## [Task to complete]
Your response should be the complete data, transcribed exactly.

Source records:
------------------------------------

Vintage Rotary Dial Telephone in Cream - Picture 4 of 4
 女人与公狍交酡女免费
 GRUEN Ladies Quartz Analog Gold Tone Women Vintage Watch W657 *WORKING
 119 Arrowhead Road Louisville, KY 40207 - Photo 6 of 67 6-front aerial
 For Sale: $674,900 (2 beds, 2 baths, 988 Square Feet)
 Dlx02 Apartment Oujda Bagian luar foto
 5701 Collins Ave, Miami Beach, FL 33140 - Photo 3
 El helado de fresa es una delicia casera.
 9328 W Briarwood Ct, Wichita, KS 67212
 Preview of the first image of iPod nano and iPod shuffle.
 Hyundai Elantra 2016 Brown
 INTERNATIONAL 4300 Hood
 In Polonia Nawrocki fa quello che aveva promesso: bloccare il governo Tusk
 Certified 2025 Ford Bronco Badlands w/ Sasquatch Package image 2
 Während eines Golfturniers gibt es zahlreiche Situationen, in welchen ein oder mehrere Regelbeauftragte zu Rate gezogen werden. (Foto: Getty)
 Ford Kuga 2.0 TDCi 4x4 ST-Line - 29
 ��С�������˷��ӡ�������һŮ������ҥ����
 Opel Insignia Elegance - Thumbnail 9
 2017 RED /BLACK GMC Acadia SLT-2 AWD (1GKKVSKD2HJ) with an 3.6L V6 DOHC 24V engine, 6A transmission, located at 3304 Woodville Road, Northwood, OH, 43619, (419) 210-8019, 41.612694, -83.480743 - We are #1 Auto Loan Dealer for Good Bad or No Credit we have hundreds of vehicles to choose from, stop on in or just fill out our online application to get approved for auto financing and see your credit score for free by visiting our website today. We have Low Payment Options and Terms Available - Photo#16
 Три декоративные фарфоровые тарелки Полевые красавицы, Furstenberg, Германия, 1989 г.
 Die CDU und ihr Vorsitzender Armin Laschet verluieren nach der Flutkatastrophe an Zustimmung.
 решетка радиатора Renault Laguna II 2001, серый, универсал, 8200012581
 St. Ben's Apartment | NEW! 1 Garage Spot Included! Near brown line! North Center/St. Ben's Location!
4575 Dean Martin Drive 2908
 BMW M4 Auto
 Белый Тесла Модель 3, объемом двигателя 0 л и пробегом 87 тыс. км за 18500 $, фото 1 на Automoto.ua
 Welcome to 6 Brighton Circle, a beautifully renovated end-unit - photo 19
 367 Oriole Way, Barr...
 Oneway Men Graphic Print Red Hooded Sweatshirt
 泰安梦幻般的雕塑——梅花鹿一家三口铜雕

------------------------------------

## [Exercise solution]
Vintage Rotary Dial Telephone in Cream - Picture 4 of 4
 女人与公狍交酡女免费
 GRUEN Ladies Quartz Analog Gold Tone Women Vintage Watch W657 *WORKING
 119 Arrowhead Road Louisville, KY 40207 - Photo 6 of 67 6-front aerial
 For Sale: $674,900 (2 beds, 2 baths, 988 Square Feet)
 Dlx02 Apartment Oujda Bagian luar foto
 5701 Collins Ave, Miami Beach, FL 33140 - Photo 3
 El helado de fresa es una delicia casera.
 9328 W Briarwood Ct, Wichita, KS 67212
 Preview of the first image of iPod nano and iPod shuffle.
 Hyundai Elantra 2016 Brown
 INTERNATIONAL 4300 Hood
 In Polonia Nawrocki fa quello che aveva promesso: bloccare il governo Tusk
 Certified 2025 Ford Bronco Badlands w/ Sasquatch Package image 2
 Während eines Golfturniers gibt es zahlreiche Situationen, in welchen ein oder mehrere Regelbeauftragte zu Rate gezogen werden. (Foto: Getty)
 Ford Kuga 2.0 TDCi 4x4 ST-Line - 29
 ��С�������˷��ӡ�������һŮ������ҥ����
 Opel Insignia Elegance - Thumbnail 9
 2017 RED /BLACK GMC Acadia SLT-2 AWD (1GKKVSKD2HJ) with an 3.6L V6 DOHC 24V engine, 6A transmission, located at 3304 Woodville Road, Northwood, OH, 43619, (419) 210-8019, 41.612694, -83.480743 - We are #1 Auto Loan Dealer for Good Bad or No Credit we have hundreds of vehicles to choose from, stop on in or just fill out our online application to get approved for auto financing and see your credit score for free by visiting our website today. We have Low Payment Options and Terms Available - Photo#16
 Три декоративные фарфоровые тарелки Полевые красавицы, Furstenberg, Германия, 1989 г.
 Die CDU und ihr Vorsitzender Armin Laschet verluieren nach der Flutkatastrophe an Zustimmung.
 решетка радиатора Renault Laguna II 2001, серый, универсал, 8200012581
 St. Ben's Apartment | NEW! 1 Garage Spot Included! Near brown line! North Center/St. Ben's Location!
4575 Dean Martin Drive 2908
 BMW M4 Auto
 Белый Тесла Модель 3, объемом двигателя 0 л и пробегом 87 тыс. км за 18500 $, фото 1 на Automoto.ua
 Welcome to 6 Brighton Circle, a beautifully renovated end-unit - photo 19
 367 Oriole Way, Barr...
 Oneway Men Graphic Print Red Hooded Sweatshirt
 泰安梦幻般的雕塑——梅花鹿一家三口铜雕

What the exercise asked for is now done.